RECORDS PROVIDED:
=-=-=

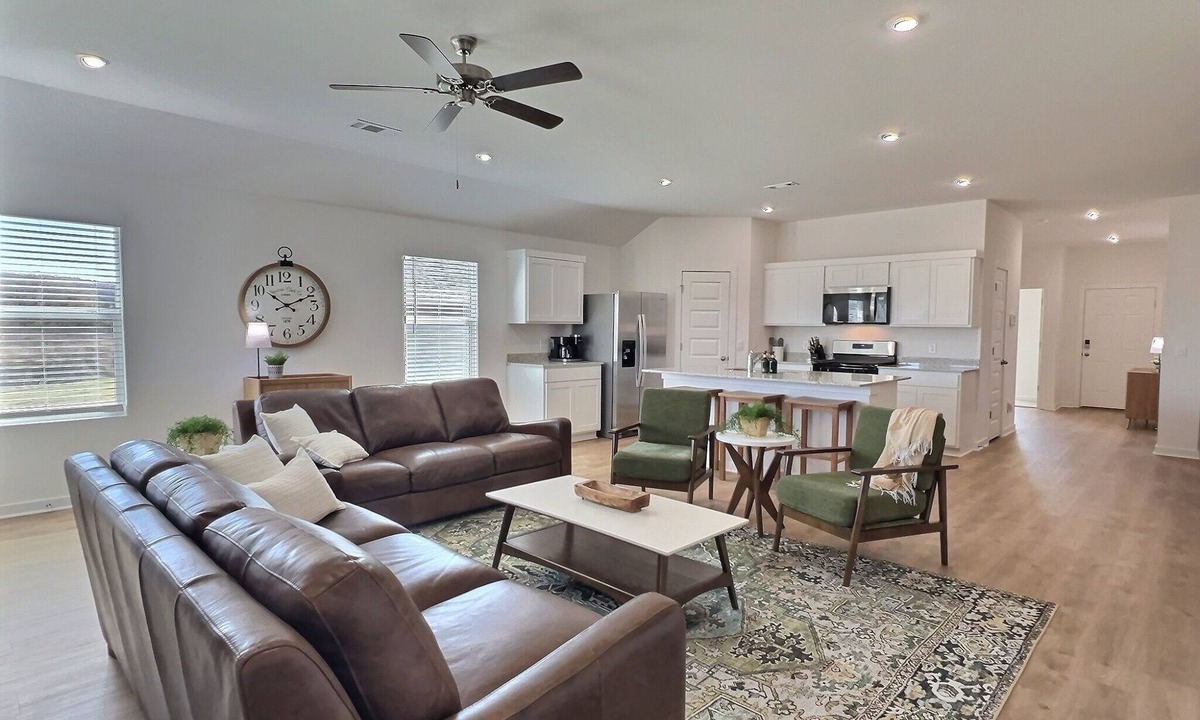 Prairie Grove House | Hudson House-Modern Comfort, Small Town Charm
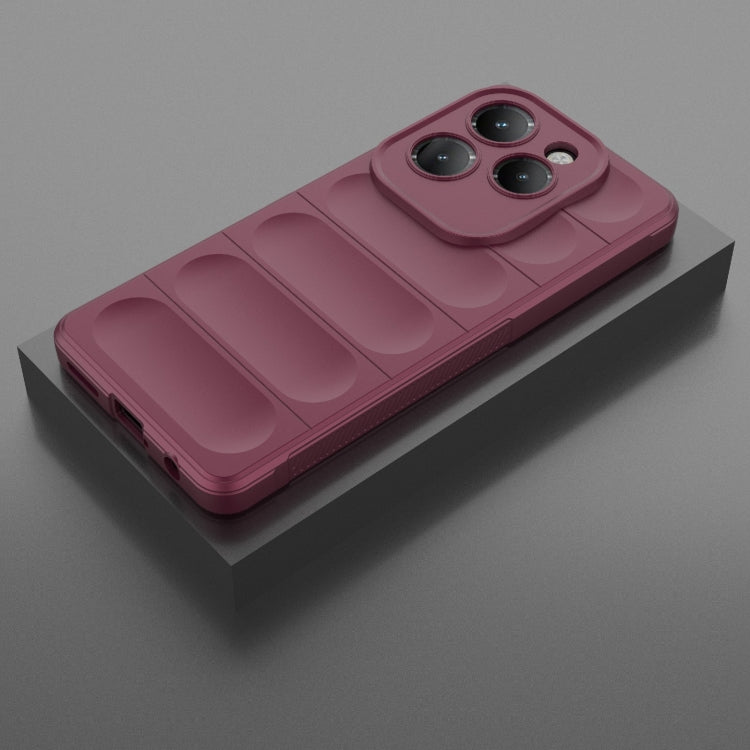 For Infinix Hot 40 Pro / Hot 40 Magic Shield TPU + Flannel Phone Case(Wine Red) - Infinix Cases by PMC TechLife | Online Shopping South Africa | PMC TechLife | Buy Now Pay Later Mobicred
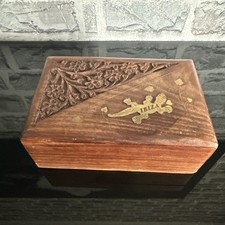 Schmuckschatulle Kiste aus Holz mit Eidechse Ibiza Deko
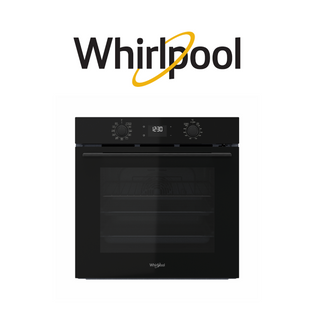 WHIRLPOOL W4 OMK58RU1BA 71L BLACK W COLLECTION MULTIFUNCTION OVEN WITH FLEXI CLEANING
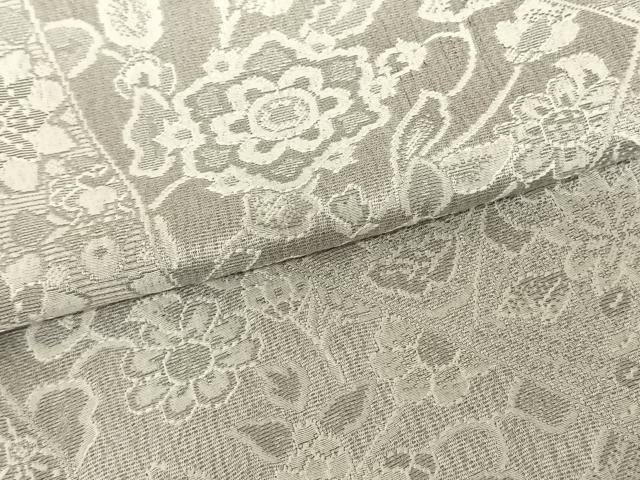 平和屋着物●天目織 お召 切嵌花文 正絹 逸品 AABF0334fy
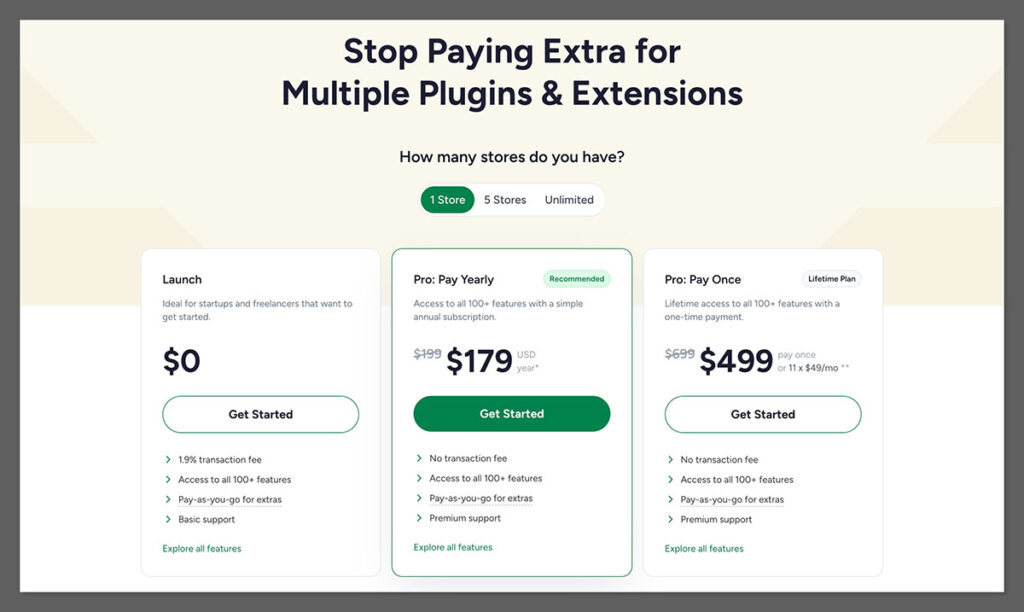 surecart pricing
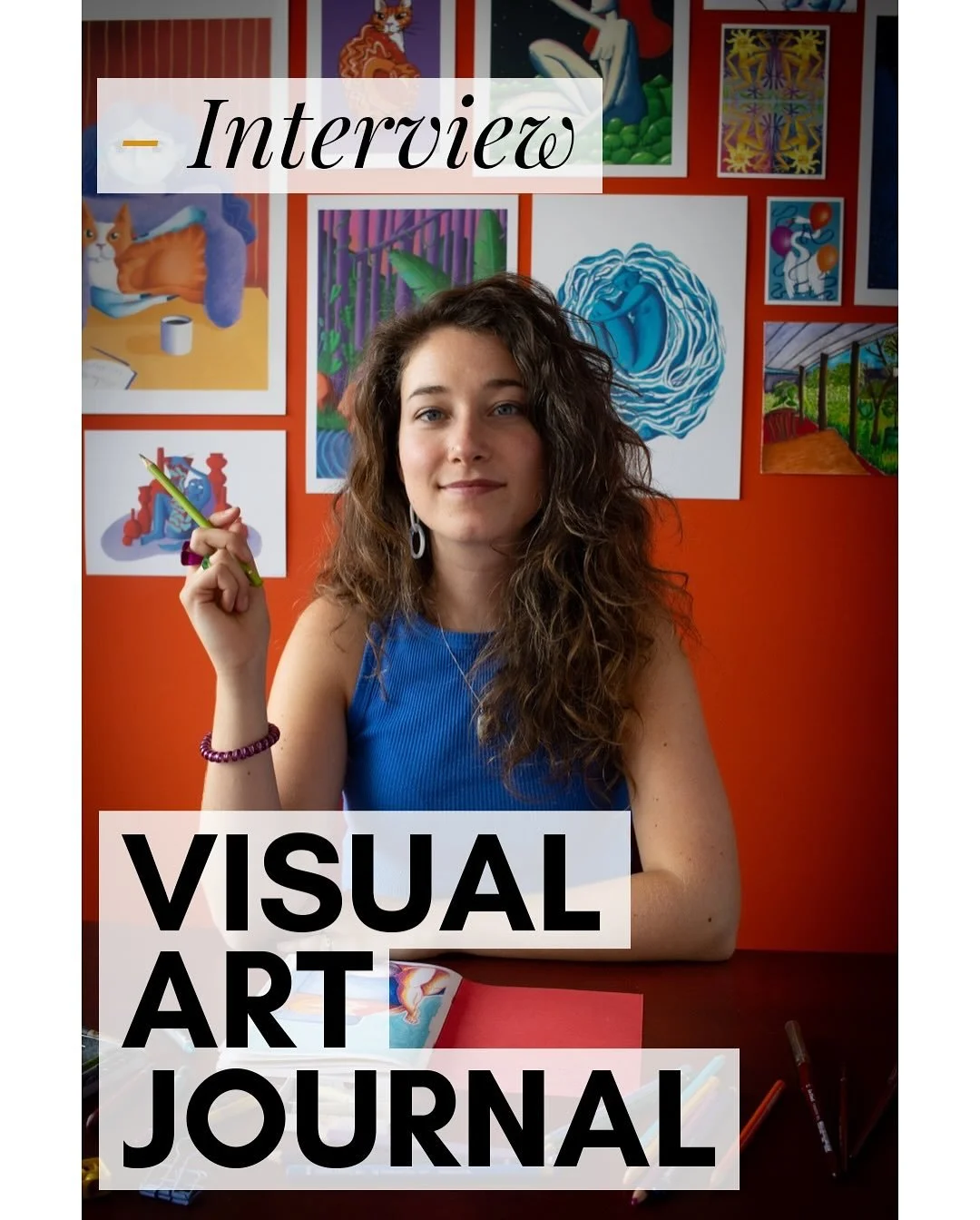 I&rsquo;m featured in @visualartjournal with my art and an interview! Read it through the link in my bio. The online and printed journal with the interview will be out mid August.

=-=-=

REQUIRED WORK:
If an entry above holds a picture, omit the picture but retype everything else exactly.

RESPONSE:
 Prairie Grove House | Hudson House-Modern Comfort, Small Town Charm
 For Infinix Hot 40 Pro / Hot 40 Magic Shield TPU + Flannel Phone Case(Wine Red) - Infinix Cases by PMC TechLife | Online Shopping South Africa | PMC TechLife | Buy Now Pay Later Mobicred
 Schmuckschatulle Kiste aus Holz mit Eidechse Ibiza Deko
 WHIRLPOOL W4 OMK58RU1BA 71L BLACK W COLLECTION MULTIFUNCTION OVEN WITH FLEXI CLEANING
 平和屋着物●天目織 お召 切嵌花文 正絹 逸品 AABF0334fy
 surecart pricing
 I&rsquo;m featured in @visualartjournal with my art and an interview! Read it through the link in my bio. The online and printed journal with the interview will be out mid August.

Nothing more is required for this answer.